COMPOSERS: JS Bach
LABELS: Decca
WORKS: French Overture, BWV 831; Aria variata alla maniera italiana, BWV 989; Concerto in D minor, BWV 974 (after Alessandro Marcello); Italian Concerto, BWV 971
PERFORMER: Vladimir Ashkenazy (piano)
CATALOGUE NO: 478 6773
That’s the thing about the dots on the page. When it comes to interpretation, they can never tell the full story. And certainly not when faced with decoding the elusive style that is the French Baroque. Little wonder then that while pianists have enthusiastically embraced Bach’s Italian Concerto, its sibling, the Gallic-style French Overture, has enjoyed fewer champions. Full marks then to Vladimir Ashkenazy in not ducking the challenge by recording Clavierübung II – the Italian Concerto and the French Overture – complete, and with the added bonus of the youthful Aria variata, and a Marcello concerto transcription.
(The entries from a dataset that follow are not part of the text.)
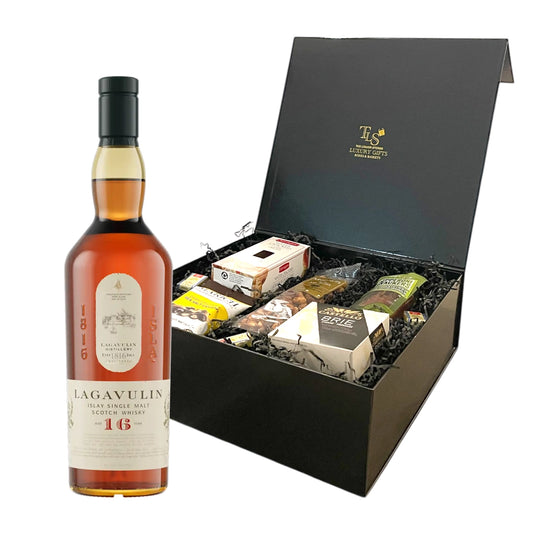 Lagavulin 16 Year Old Scotch Whisky 750ml Signature Gift Box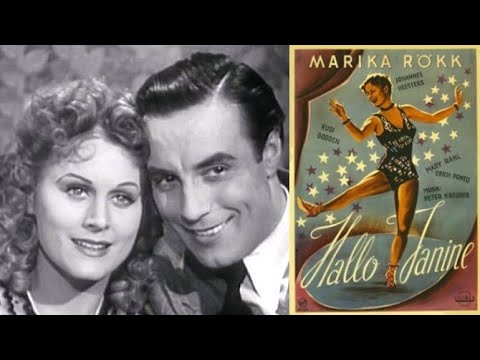 Marika Rökk - Auf dem Dach der Welt (Filmausschnitt)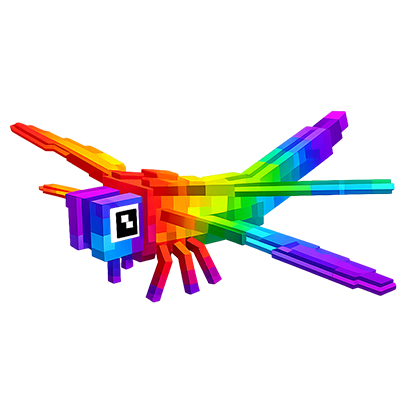 Grow a Garden 2 Shop Rainbow Golden Dragonfly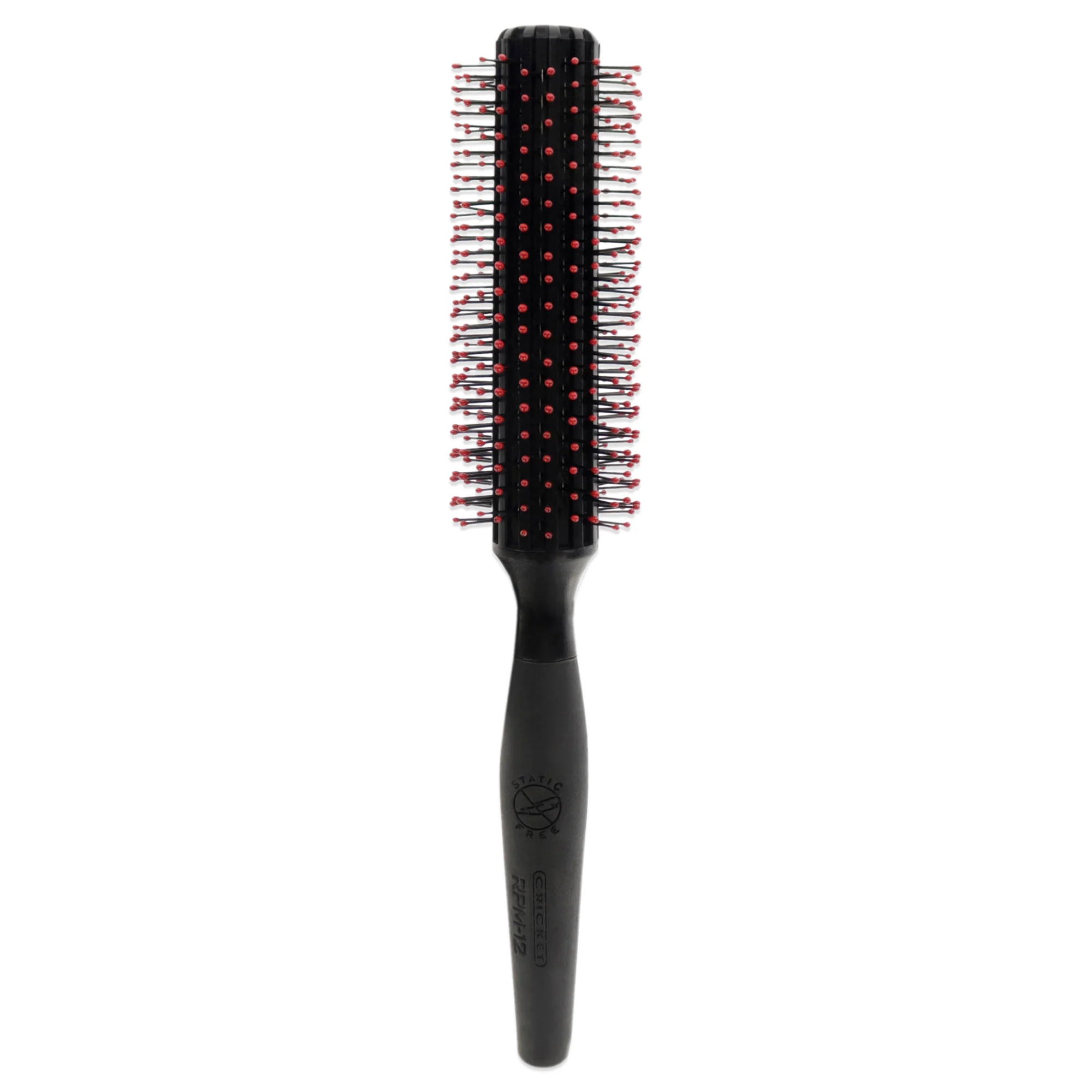 Static Free Brush - RPM 12 Row by Cricket for Unisex - 1 Pc Hair Brush - Olabens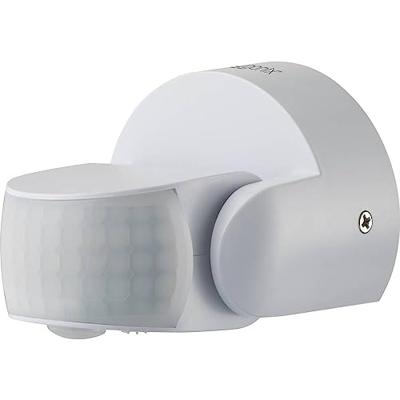 Sygonix SY-4755360 PIR-bewegingsmelder Plafond, Wand, Oppervlakmontage 180 ° Relais Wit IP65 Sygonix SY-4755360 PIR-bewegingsmelder Plafond, Wand, Oppervlakmontage 180 ° Relais Wit IP65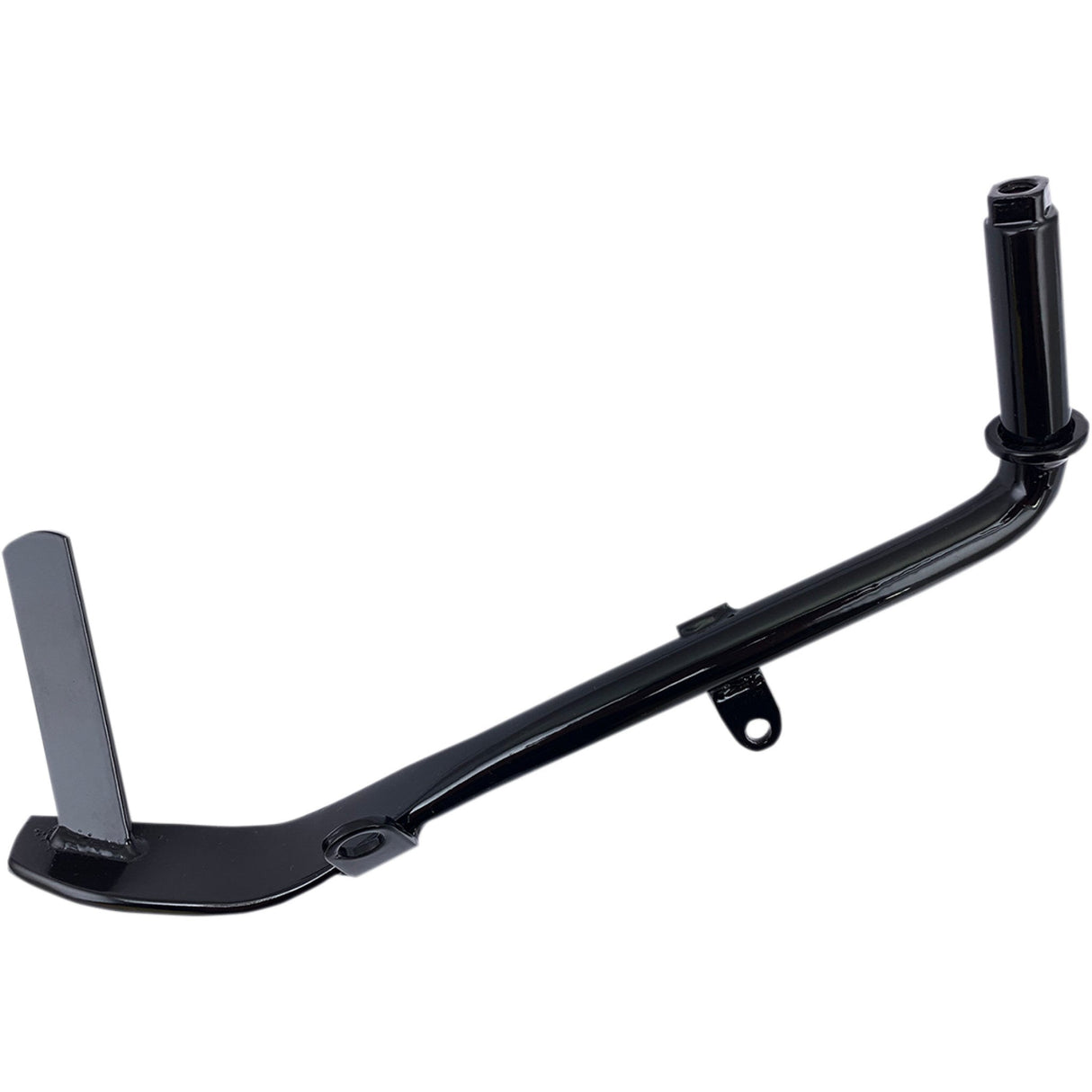 Drag Specialties Kickstand Black 9-1/2" 1" Under Stock For Harley Touring 2007-2016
Bravery alone, alas, does not a successful French Overture make. The fluid flamboyance of the opening is reduced to something stiff and awkward as Ashkenazy grapples with the idiom, not helped by a ponderous tempo that shuns Bach’s two-in-a-bar time signature. Ornaments can be a little laboriously negotiated, and the observance of all repeats is a mixed blessing given his disinclination to embellish. He’s careful not to make an over-expressive meal of the Sarabande, and the spiky Gigue is pertly pointed, but the tongue-in-cheek Echo sounds as if played through gritted teeth. András Schiff’s EuroArts DVD makes a much more convincing case for BWV 831 on the piano.
The Italianate Bach suits Ashkenazy better with a carefully-wrought account of the Aria variata topped by a forthright Italian Concerto. Its Andante is despatched with limpid detachment before a romping Presto with the finishing line ever in its sights.